### EXERCISE DETAILS
In the records that follow, find the line containing "GH BASS (Heritage" and the line containing "Downlight Carré Inclinable", then transcribe both and every line between them exactly, omitting pictures.

(Beginning of DATA TO EXAMINE)

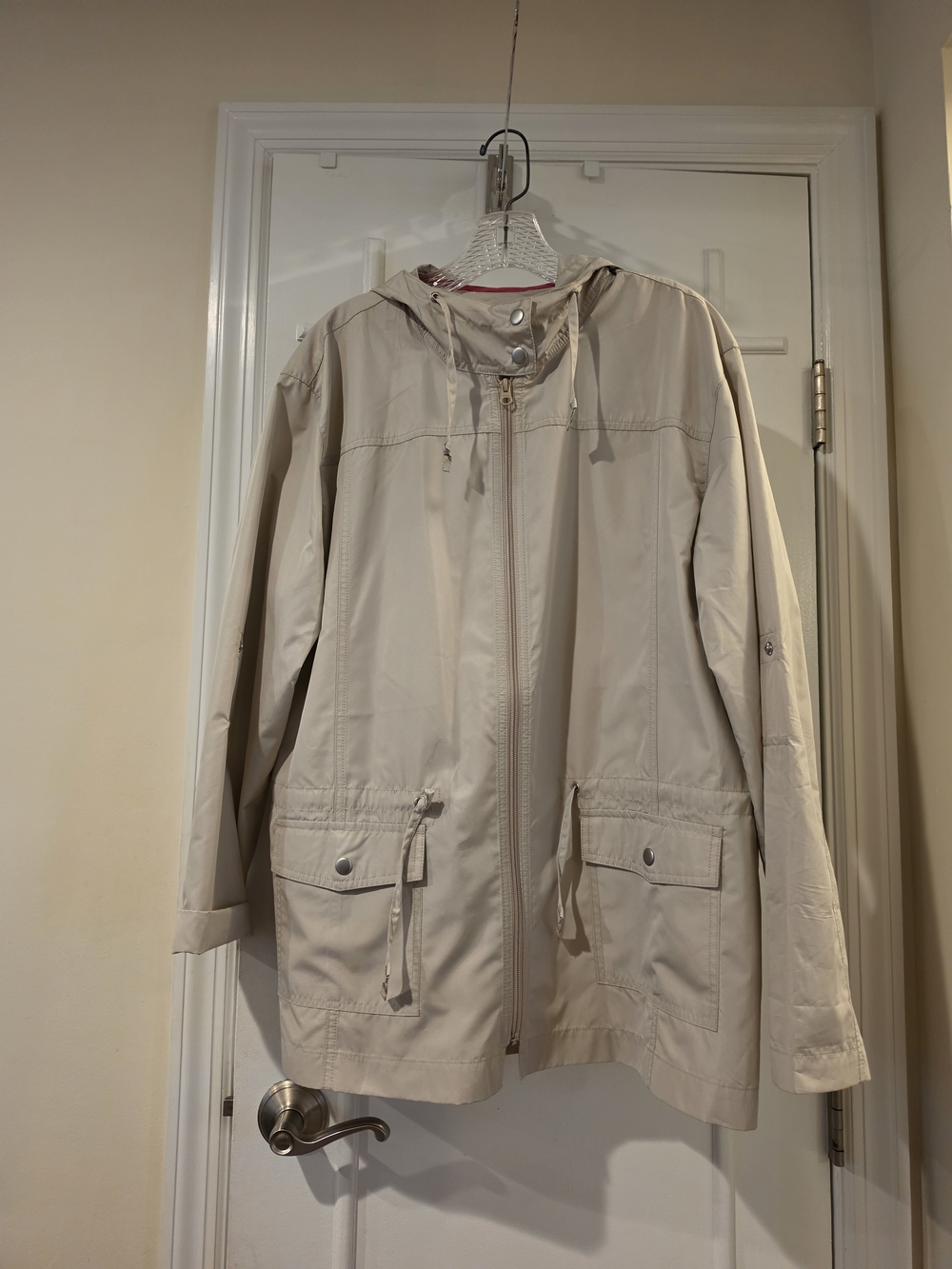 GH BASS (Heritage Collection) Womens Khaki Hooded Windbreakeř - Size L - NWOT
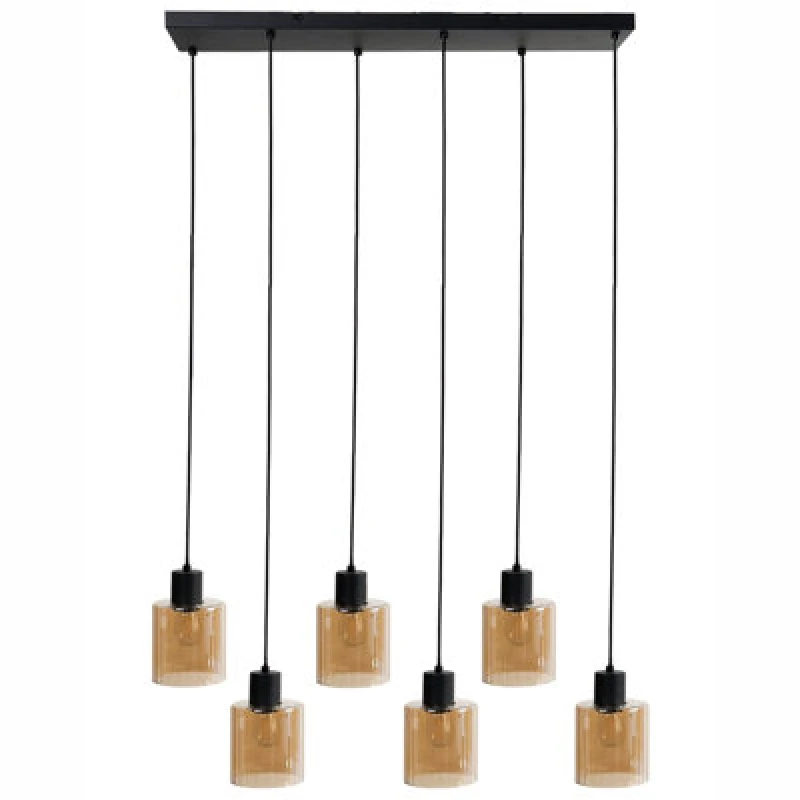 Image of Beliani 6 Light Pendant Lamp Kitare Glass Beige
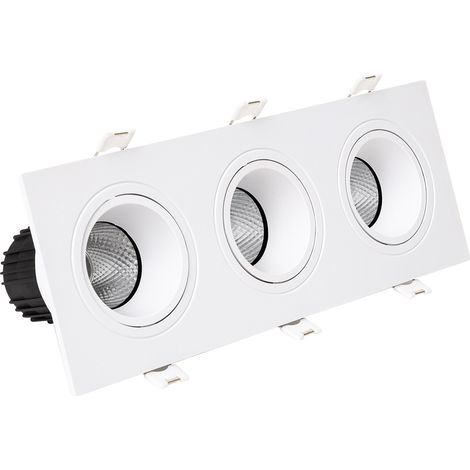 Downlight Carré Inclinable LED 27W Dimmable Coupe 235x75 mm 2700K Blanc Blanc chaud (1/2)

(End of DATA TO EXAMINE)
(Beginning of DATA TO EXAMINE)

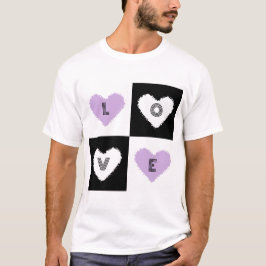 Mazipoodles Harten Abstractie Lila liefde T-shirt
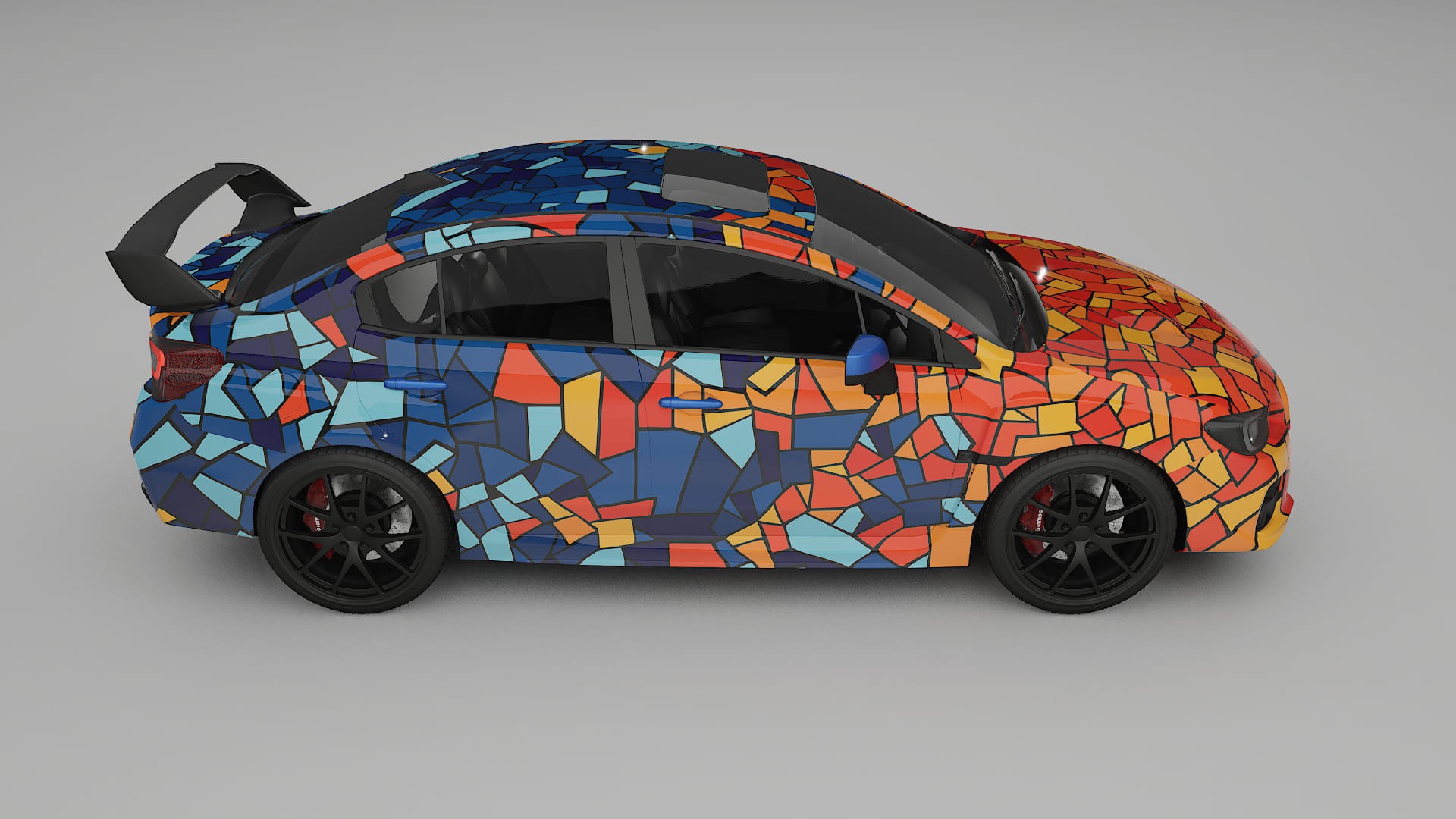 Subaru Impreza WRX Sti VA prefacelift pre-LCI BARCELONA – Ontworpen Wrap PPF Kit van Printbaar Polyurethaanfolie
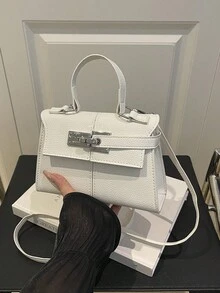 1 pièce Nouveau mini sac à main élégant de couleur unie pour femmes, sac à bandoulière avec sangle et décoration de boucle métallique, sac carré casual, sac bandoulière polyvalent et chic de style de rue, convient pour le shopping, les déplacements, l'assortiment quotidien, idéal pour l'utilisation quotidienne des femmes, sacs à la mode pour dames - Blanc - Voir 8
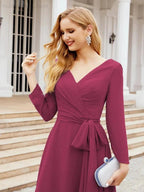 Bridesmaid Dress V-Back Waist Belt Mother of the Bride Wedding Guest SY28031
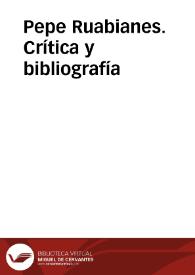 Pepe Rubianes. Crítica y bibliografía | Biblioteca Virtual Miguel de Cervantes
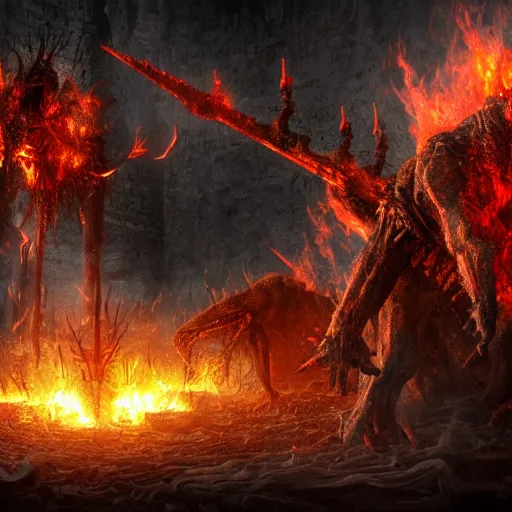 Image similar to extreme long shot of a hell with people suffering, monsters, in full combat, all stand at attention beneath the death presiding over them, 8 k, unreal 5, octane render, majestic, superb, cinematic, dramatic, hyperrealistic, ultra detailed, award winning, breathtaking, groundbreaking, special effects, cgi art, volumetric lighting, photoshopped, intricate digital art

(End of DATA TO EXAMINE)

### SOLUTION FOR THIS EXERCISE
 GH BASS (Heritage Collection) Womens Khaki Hooded Windbreakeř - Size L - NWOT
 Image of Beliani 6 Light Pendant Lamp Kitare Glass Beige
 Downlight Carré Inclinable LED 27W Dimmable Coupe 235x75 mm 2700K Blanc Blanc chaud (1/2)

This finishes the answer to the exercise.